Last weekend I went back to my old high school in South Jersey for the first time in 12 years. And it was by choice, to visit - not like I had a Pre-calc mid-term they needed me to make up or something. The occasion was their spring musical, which this year was "Godspell". And the last time they put on a production of "Godspell" was my senior year, 1996, and it was the only time I've done musical theater, before or since.
I know, shocking. You had this notion of Pat Breslin always being this macho dude, and figured I was probably defensive lineman on the football team back in high school or something (SARCASM ALERT), but that was not the case. Actually, when I look back high school was kinda weird for me because for the first three years of it I had a grand total of three friends. Two of the guys didn't get along with each other, and the other, who was my best friend, got a girlfriend mid-junior year who he started having sex with. I wasn't invited for that, so I started getting involved in school activities to meet new friends. As luck would have it, I did - I got very involved in student council junior and senior year, made a lot of new friends, and the good friends I made around that time year are the guys I still keep in touch with to this day.
A lot of my friends were the athletes from my class - mostly the guys on the basketball team, which may or may not be a coincidence. I was captain of the tennis team senior year (I know, it just keeps getting better), and although I was good at tennis, I was never really that into it because basketball was my sport (I tried out and got cut freshman AND sophomore years) and I was just always bitter that I had to wear tight white shorts and show off my chicken legs and pretend I was having a good time, while my friends would play night games with the whole school watching, and got to do things like hook up with girls afterwards. There were never any tennis groupies (just lots of moms pretending to watch), and I don't think there ever should be.
I'm not sure when, but sometime mid-Senior year the Student Activities Director approached me and asked if I'd try out for the spring musical that year. Apparently they needed guys for it, and although I had never acted before, I was outgoing and very much a ham (I know, still am), so it wasn't much of a stretch. I don't remember it taking much persuading (I was a school activities junkie at that point anyway), but I do remember being worried that I didn't know how to sing. Like, at all.

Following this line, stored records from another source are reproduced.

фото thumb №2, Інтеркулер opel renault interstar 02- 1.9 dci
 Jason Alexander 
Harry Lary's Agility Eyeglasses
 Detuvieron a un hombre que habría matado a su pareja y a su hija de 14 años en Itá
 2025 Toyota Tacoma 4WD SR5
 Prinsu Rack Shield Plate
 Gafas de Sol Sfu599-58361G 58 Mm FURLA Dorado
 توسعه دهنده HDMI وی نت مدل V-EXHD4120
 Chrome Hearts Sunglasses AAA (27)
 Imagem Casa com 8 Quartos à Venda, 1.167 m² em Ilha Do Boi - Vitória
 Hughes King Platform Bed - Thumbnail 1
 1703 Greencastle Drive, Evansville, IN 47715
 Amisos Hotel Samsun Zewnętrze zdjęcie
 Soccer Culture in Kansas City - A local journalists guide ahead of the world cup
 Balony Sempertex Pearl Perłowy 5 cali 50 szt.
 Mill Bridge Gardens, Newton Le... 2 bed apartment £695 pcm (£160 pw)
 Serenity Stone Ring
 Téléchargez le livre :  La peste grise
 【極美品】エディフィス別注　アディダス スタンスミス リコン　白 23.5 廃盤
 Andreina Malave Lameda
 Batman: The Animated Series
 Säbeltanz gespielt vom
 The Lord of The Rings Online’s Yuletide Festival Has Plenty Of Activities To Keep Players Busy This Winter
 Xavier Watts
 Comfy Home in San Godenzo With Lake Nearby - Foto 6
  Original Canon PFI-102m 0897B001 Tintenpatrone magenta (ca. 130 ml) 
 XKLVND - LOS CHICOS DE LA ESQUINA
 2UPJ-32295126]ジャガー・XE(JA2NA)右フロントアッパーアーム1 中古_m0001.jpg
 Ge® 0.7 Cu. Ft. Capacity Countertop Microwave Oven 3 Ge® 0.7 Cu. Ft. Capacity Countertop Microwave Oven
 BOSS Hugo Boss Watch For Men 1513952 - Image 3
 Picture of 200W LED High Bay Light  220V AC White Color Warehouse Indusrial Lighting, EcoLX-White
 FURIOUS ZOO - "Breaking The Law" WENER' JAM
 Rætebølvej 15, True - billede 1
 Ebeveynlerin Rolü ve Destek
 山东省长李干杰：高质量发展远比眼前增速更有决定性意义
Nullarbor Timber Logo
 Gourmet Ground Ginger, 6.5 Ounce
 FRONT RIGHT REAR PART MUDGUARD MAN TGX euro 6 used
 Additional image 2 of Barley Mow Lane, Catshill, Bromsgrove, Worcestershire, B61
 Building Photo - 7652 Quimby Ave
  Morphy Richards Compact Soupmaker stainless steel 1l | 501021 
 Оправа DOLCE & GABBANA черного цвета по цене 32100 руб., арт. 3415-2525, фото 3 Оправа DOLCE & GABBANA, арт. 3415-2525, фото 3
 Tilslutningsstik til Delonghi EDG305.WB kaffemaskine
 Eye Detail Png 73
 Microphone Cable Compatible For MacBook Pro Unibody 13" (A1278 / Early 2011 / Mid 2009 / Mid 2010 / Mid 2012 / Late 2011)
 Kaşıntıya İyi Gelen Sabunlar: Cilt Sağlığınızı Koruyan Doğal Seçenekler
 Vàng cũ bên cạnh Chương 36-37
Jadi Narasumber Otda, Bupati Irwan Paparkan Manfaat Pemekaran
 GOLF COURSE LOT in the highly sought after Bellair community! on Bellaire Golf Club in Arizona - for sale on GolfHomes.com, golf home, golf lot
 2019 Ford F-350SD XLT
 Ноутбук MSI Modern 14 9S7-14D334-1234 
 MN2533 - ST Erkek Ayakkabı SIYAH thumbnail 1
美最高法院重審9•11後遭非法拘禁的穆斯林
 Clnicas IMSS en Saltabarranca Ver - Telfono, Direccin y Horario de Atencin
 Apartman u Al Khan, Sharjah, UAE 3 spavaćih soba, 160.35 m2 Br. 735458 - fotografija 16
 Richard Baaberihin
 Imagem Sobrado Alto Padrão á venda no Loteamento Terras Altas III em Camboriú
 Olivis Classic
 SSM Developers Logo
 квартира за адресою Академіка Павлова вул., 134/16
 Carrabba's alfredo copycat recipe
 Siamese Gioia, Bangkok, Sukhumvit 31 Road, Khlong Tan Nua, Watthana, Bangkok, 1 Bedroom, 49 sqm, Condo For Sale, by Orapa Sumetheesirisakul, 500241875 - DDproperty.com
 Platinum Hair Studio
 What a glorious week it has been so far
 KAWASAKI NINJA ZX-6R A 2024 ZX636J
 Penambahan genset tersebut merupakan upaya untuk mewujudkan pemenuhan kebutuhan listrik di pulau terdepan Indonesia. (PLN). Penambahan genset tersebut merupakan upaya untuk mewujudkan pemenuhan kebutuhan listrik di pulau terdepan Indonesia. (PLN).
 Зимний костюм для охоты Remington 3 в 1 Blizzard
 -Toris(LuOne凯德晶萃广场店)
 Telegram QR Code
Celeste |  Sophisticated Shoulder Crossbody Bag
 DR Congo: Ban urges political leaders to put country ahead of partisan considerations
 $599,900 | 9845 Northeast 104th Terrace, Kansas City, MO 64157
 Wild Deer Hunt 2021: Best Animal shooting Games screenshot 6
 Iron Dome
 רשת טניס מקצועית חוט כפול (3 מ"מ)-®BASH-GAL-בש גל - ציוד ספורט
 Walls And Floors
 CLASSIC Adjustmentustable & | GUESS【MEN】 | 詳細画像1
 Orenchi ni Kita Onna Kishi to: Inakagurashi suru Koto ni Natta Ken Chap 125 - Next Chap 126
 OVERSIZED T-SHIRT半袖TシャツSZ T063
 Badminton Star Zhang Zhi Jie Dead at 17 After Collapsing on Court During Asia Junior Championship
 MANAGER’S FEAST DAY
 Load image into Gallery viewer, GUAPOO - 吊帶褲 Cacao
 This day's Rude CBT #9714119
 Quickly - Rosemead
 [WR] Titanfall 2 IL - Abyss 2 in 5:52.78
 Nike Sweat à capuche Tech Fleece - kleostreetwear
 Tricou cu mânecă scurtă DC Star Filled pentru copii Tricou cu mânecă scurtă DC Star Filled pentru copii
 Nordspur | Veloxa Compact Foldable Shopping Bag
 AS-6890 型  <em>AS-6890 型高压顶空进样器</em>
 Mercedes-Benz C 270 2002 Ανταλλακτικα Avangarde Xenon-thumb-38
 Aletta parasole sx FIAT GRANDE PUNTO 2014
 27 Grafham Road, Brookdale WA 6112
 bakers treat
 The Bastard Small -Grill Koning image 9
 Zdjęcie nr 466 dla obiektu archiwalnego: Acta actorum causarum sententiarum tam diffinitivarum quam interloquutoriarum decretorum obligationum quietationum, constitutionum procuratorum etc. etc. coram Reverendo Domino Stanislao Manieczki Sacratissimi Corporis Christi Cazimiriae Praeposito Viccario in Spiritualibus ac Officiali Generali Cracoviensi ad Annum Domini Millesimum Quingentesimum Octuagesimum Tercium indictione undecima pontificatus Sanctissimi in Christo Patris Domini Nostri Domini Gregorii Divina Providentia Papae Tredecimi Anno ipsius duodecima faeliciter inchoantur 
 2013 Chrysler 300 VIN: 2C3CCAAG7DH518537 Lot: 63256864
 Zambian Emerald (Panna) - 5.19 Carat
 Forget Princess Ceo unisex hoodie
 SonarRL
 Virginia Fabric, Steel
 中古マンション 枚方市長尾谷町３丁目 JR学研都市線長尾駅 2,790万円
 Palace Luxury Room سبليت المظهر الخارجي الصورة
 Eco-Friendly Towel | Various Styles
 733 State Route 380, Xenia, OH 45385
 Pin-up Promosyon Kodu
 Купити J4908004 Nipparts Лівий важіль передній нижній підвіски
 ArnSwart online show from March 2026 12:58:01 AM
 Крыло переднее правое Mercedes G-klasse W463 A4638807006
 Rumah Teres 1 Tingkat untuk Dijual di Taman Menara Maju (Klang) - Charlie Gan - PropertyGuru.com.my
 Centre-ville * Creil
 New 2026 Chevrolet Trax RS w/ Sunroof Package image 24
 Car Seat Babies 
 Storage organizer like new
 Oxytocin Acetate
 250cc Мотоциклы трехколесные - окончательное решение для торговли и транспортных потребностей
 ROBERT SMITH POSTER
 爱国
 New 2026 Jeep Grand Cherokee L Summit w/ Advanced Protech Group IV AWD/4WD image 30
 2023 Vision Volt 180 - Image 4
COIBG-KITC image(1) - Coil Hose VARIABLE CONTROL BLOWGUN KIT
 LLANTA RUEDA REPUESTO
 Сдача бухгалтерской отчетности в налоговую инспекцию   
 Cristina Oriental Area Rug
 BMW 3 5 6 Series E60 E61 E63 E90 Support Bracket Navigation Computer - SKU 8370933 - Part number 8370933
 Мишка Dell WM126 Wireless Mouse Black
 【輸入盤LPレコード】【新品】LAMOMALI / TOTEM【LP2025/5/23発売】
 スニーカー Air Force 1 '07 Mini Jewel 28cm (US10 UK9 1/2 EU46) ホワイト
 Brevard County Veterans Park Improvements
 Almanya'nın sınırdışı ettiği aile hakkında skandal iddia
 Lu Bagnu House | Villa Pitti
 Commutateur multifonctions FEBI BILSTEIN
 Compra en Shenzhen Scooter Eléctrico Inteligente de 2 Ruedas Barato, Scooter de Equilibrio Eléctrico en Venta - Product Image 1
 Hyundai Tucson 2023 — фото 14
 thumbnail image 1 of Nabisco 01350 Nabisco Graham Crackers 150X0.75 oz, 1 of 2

I actually found out much later that they had originally intended for me to play the "Jesus" character (possibly because I'd never been laid and was heavy into grunge), but that changed the night of the audition. I didn't know much about musicals and the only soundtrack I had was "Grease", and I remember just trying to find the easiest song on there that was sung by a dude...so somehow I settled on "Beauty School Dropout." I can still vividly remember the good vibe in the room when I walked in and we were chatting, and how quickly it changed as soon as I started singing. There were three of them there, and my singing was so bad, I think they honestly thought I was messing with them at first - I just saw jaws drop, eyebrows arch, and a whole variety of confused and sad expressions. It may have been one of the worst singing performances of all time (Sanjaya included), and about halfway through the song I think they just politely had me stop, thanked me for my time, and crossed me off "The Jesus List". If the Lord is indeed watching from above, He's probably got that performance on his Top 5 Favorite Awkward YouTube clips.
So I didn't get to play Jesus because I sing like Ashlee Simpson, but they ended up giving me another role in the show (it's basically Jesus, John the Baptist, and then everybody else). I got a bunch of the funny lines, and thankfully for civilization, no solos. Over those next couple months we practiced non-stop and it was exhausting (was somehow playing tennis at the same time too), and in the end the show came out great and I'm glad I did it. Joining the spring musical your senior year is a great way to have your friends suddenly question your sexuality, but it's also a great way to make new friends and do things you didn't think you were capable of. Like whisper-singing "Day by Day" just low enough to not screw up the chorus.
And I'm real glad I went back to see this year's production of it. I got an invitation in the mail (they invited the original cast), and since Girl I'm Dating was babysitting, Mom went with me. It was weird going back, but in some ways felt like nothing had changed - the kids look YOUNG, but I was still acting just like them, embarrassed when Mom kept awkwardly taking picture with everybody I spoke with ("Stop it, Mommmm!!"). And the kids put on a great show - better than when we did it 12 years ago. It was funny, at the end they called us backstage to meet the cast and I didn't know what to do, just kept saying to these little kids staring at me, "Great job, you were awesome", "Great job, awesome", "You were awesome, great job". I couldn't have felt older, and then these two giggling girls go to me, "Ummm, were you Jeesusss??" And when I said, "Nahh, actually I wasn't", they got this snotty, disappointed look on their fact, said "Oh, alright", and walked away. Yep, still uncool with the girls in that building - it felt right. And who knew chicks think it's cool to be Jesus?? If only I could have held a note back then, maybe I would have actually gotten laid.
Oh, and by the way, I wasn't the worst singer ever. I once saw a chubby guy at a karaoke bar singing Melissa Etheridge's "Like The Way I Do" (he was practically crying through it, clearly had just gotten dumped), and he was way worse. I thanked him for that, and he had no idea why. Thanks, have a nice day.